There are less then two weeks until Wales chooses its new parliament on 6 May.
The last time voters elected the Senedd, politics was very different. Brexit was yet to come and David Cameron was prime minister.
But with the EU referendum just weeks away, people made their antipathy towards Brussels and the Westminster establishment clear.
The result contributed to the transformation of electoral politics.
UKIP won the support of one in eight voters, insignificant in the context of first-past-the-post elections but surprisingly effective when a system of proportional representation is being used to allocate seats. Seven UKIP candidates were elected, winning 12% of the total seats.
Labour, the dominant party in Wales, watched its vote share plunge and was only saved from disaster because of the size of the majorities it was defending. Remarkably, its only defeat came at the hands of Plaid Cymru where its leader, Leanne Wood, would snatch victory in Rhondda.
The two parties that until recently had formed the national coalition government fared little better. The Conservatives were reduced to just 11 seats and were overtaken by Plaid Cymru. A worse fate awaited the Liberal Democrats, reduced from five seats to just one, finishing fifth in the popular vote.
Wales would vote to leave the EU by a margin of 53/47%. UKIP’s value in providing a means to express anti-EU sentiment was temporary. In the 2017 general election its vote share fell with both main parties benefitting – Labour winning almost half the votes in Wales, the Conservatives a third.
But Westminster was not yet finished with Brexit. Pro-Leave Labour voters in Wales watched their party delay the leaving process. The December 2019 general election revealed the backlash. Labour suffered an eight-point drop in vote and contributed six constituencies to Boris Johnson’s landslide.
Wales provides an opportunity to assess whether the 2019 election has signalled a party realignment. This is because the 40 Westminster parliamentary constituencies use the same boundaries as those used for the Welsh parliament. There are nine constituencies where the defending party from the 2016 election is different to the one that won the Westminster equivalent in 2019.
Unsurprisingly, the six seats gained by the Conservatives all feature. Three constituencies, Delyn, Wrexham and Vale of Clwyd, form part of a cluster in the northeast which Labour won in 2016. Vale of Clwyd, which has flipped between the main parties, looks the most vulnerable but the others should not be ruled out.
In the south Labour is defending both Bridgend and Vale of Glamorgan. The latter seat is one the Conservatives have held for some time at Westminster but has consistently favoured Labour in the devolved election. Its neighbour Bridgend now has a 3% Conservative majority but a Labour one of 21% from four years ago. The polling evidence may hint at Conservative success in Vale of Glamorgan but certainly not in Bridgend if uniform swing is assumed.

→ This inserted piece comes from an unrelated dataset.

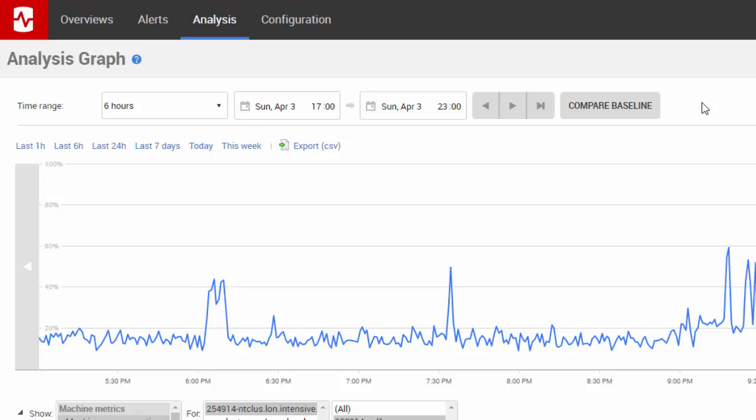You can use the analysis graph to compare a metric with an earlier time range. This helps to identify patterns and work out whether the metric activity is unusual.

But the normal rules of election forecasting may not happen in Wales this time which makes it such an intriguing prospect. Some voters may now feel the ties to Labour have weakened and switch their loyalty to the Conservatives. Another group of voters may continue to believe that a Westminster vote remains different to the one for the Welsh parliament.
The sole Liberal Democrat, Kirsty Williams, has represented the Brecon & Radnorshire constituency since 1999 despite the Conservatives winning it at general elections. Now that she has stood down the Conservatives may take advantage of her absence. Leanne Wood is defending her Rhondda seat knowing that the constituency returned Labour’s Chris Bryant with a thumping majority less than two years ago. Rhun ap Iorweth, elected to the Welsh parliament at a 2013 by-election, has watched the Westminster version flip from Labour to Conservative but will be re-elected this time.
Recent polling shows a varied picture. An Opinium poll conducted for Sky News shows Labour’s constituency vote share five points higher and a six-point increase in its regional vote. The Conservatives appear to be the biggest gainers with constituency votes rising from 21% to 30% and list votes climbing to 27% from just 19%. Labour is projected to win 29 seats, the same as it currently has but two seats short of an overall majority.
The Sky News poll did not include 16-17 year olds, who will vote for the first time at a Senedd election. But, the most recent Welsh Barometer Poll did.
Supervised by Professor Roger Awan-Scully of Cardiff University, it is currently showing Labour unchanged, the Conservatives up by just three percentage points, a rise similar to that of Plaid Cymru. This poll projects Labour to finish with 26 seats, equalling its worst ever result while the 17 seats for Plaid Cymru would equal its best result in the 1999 election.
The Welsh Barometer Poll, supervised by Prof Awan-Scully, is currently showing Labour unchanged, the Conservatives up by just three percentage points, a rise similar to that of Plaid Cymru. This poll projects Labour to finish with 26 seats, equalling its worst ever result while the 17 seats for Plaid Cymru would equal its best result in the 1999 election.